The UC Irvine Machine Learning Repository6 contains a data set related to glass identification. The data consist of 214 glass samples labeled as one of seven class categories. There are nine predictors, including the refractive index and percentages of eight elements: Na, Mg, Al, Si, K, Ca, Ba, and Fe. The data can be accessed via:
library(mlbench)
data(Glass)
str(Glass)
## 'data.frame': 214 obs. of 10 variables:
## $ RI : num 1.52 1.52 1.52 1.52 1.52 ...
## $ Na : num 13.6 13.9 13.5 13.2 13.3 ...
## $ Mg : num 4.49 3.6 3.55 3.69 3.62 3.61 3.6 3.61 3.58 3.6 ...
## $ Al : num 1.1 1.36 1.54 1.29 1.24 1.62 1.14 1.05 1.37 1.36 ...
## $ Si : num 71.8 72.7 73 72.6 73.1 ...
## $ K : num 0.06 0.48 0.39 0.57 0.55 0.64 0.58 0.57 0.56 0.57 ...
## $ Ca : num 8.75 7.83 7.78 8.22 8.07 8.07 8.17 8.24 8.3 8.4 ...
## $ Ba : num 0 0 0 0 0 0 0 0 0 0 ...
## $ Fe : num 0 0 0 0 0 0.26 0 0 0 0.11 ...
## $ Type: Factor w/ 6 levels "1","2","3","5",..: 1 1 1 1 1 1 1 1 1 1 ...
From initial analysis of the data we see that we have 1 Target Variable[type] of 6 levels and 9 predictor variables
glass <- Glass %>% select(-Type)
chart.Correlation(glass, bg=c("blue","red","yellow"), pch=21)
# this we be too convert to long format. Also will be creating predictor as factor
m <- Glass %>% pivot_longer(-Type, names_to = "Predictor", values_to = "Value", values_drop_na=TRUE) %>%
mutate(Predictor = as.factor(Predictor)) %>% arrange(Predictor)
# here we will explore the distribution of each factor
m %>%
ggplot(., aes(Value, fill=Predictor))+geom_histogram(bins=20)+ facet_wrap(~Predictor,scales='free') + labs(title="The Distribution of the Predictors")+theme_minimal()
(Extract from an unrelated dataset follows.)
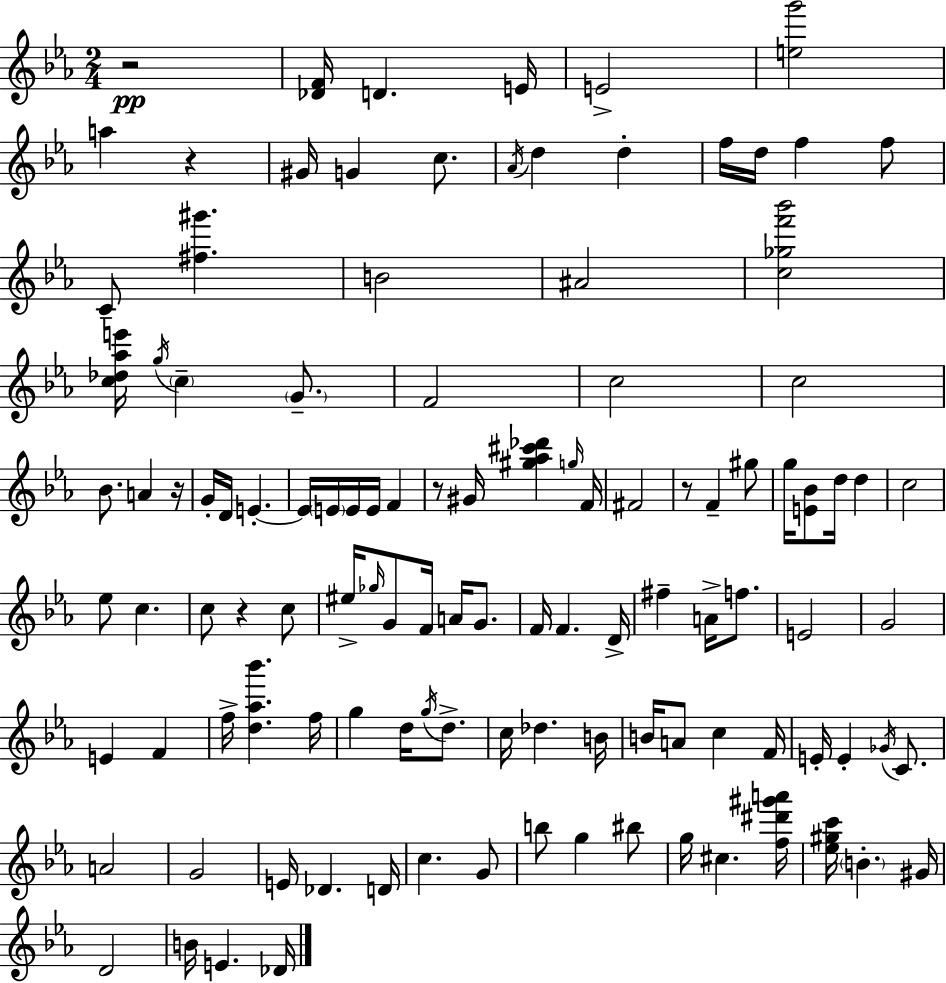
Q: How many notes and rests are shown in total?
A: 114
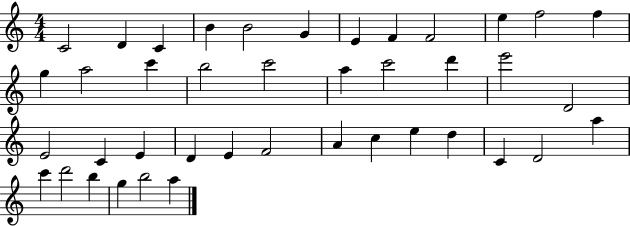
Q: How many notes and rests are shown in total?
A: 41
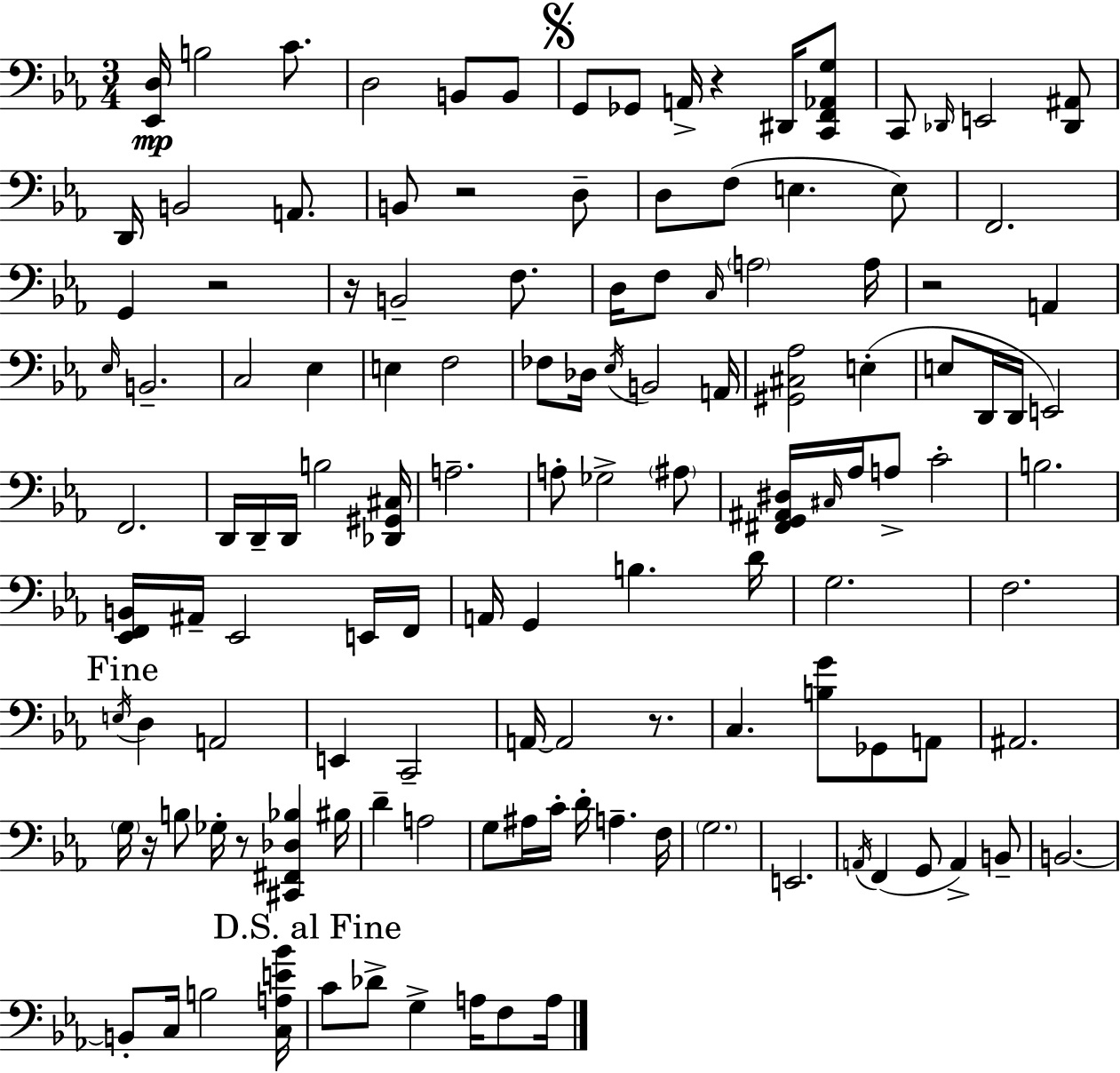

We can see that of all the predictors, Si appears to have the most normal distribution In addition to having the highest level of any mineral. We can conclude that this seems rational as silicon is a fundamental element to make glass. You’ll also notice RI, Na, Al, and Ca have normal distributions. In additions to quantity of silicon, we can also assume that the RI of glass should be an important factor. Besides the Si, I would not say these as normal distributions. In general we could say that most of the element distributions are right skewed, meaning, very small trace amounts of the element are usually present, but with notable exceptions. We can say that color indicates the strength and polarity of the correlation. For example, Mg and Al have a strong negative correlation.
corrplot(cor(Glass[,1:9]), method='square')
We can see that the variables differ quite a bit. Some are more normally distributed such as Na/Al, mean while others do not look normal at all such as Ba, Fe, K.In general, the correlation table tells us the relationship between each variables.There are some strong positive relationships such as Rl and Ca, Al and Ba. Also as well as some strong negative relationships, for example Rl and Si, Rl and Al, Mg and Ba.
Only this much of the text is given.